• [EXERCISE BRIEF] For this exercise, output the entries below exactly from the line that holds "Liqui Moly 4" to the line that holds "China Cummins QSC8.3", both ends included. No pictures belong in the copy.

• [RECORDS]
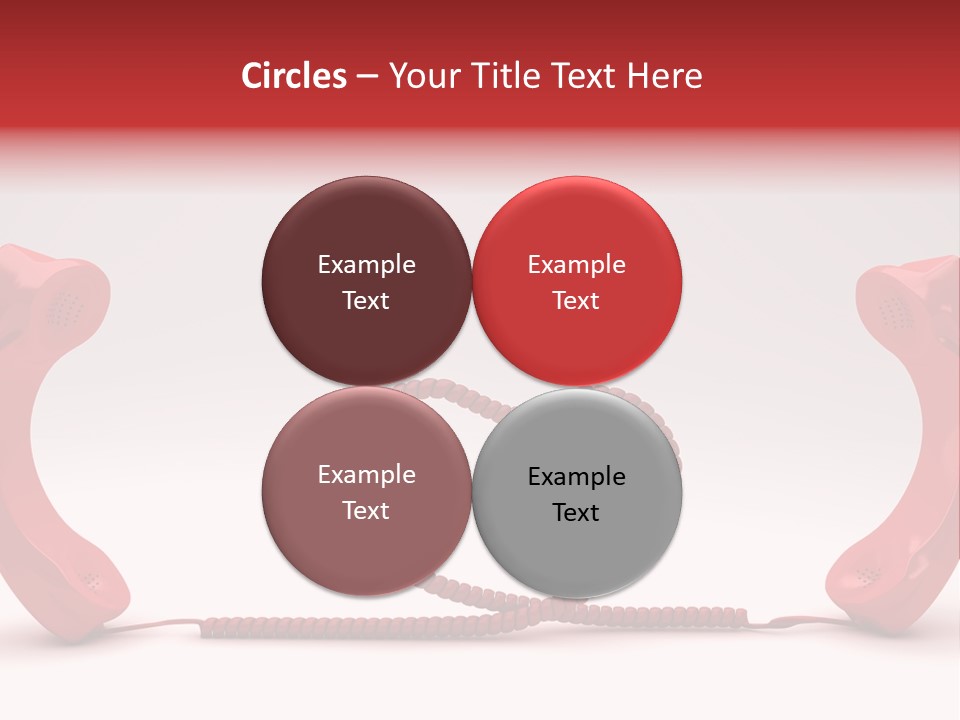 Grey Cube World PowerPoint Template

==

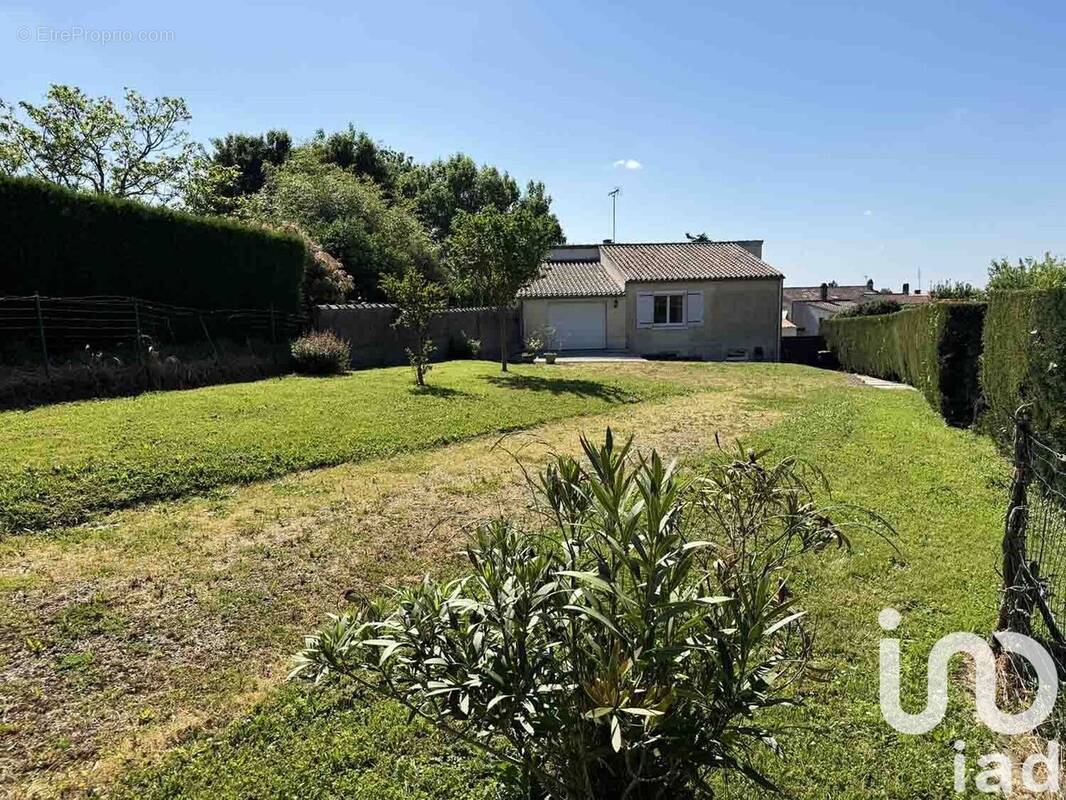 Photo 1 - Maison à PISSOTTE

...

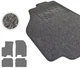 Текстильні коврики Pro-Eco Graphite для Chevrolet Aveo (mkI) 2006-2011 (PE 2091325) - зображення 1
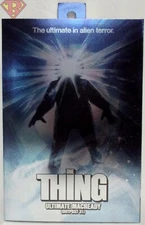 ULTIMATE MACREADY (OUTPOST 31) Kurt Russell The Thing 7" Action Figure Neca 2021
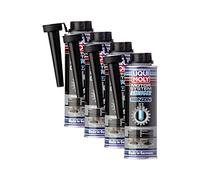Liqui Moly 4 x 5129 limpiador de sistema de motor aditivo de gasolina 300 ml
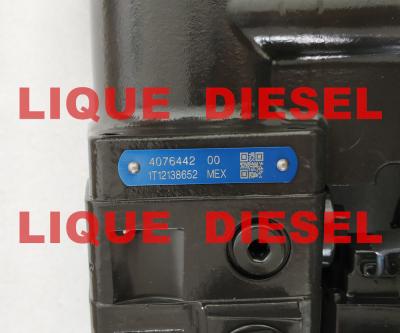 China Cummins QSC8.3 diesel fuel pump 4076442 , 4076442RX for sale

• [COMPLETED TASK]
Liqui Moly 4 x 5129 limpiador de sistema de motor aditivo de gasolina 300 ml
 China Cummins QSC8.3 diesel fuel pump 4076442 , 4076442RX for sale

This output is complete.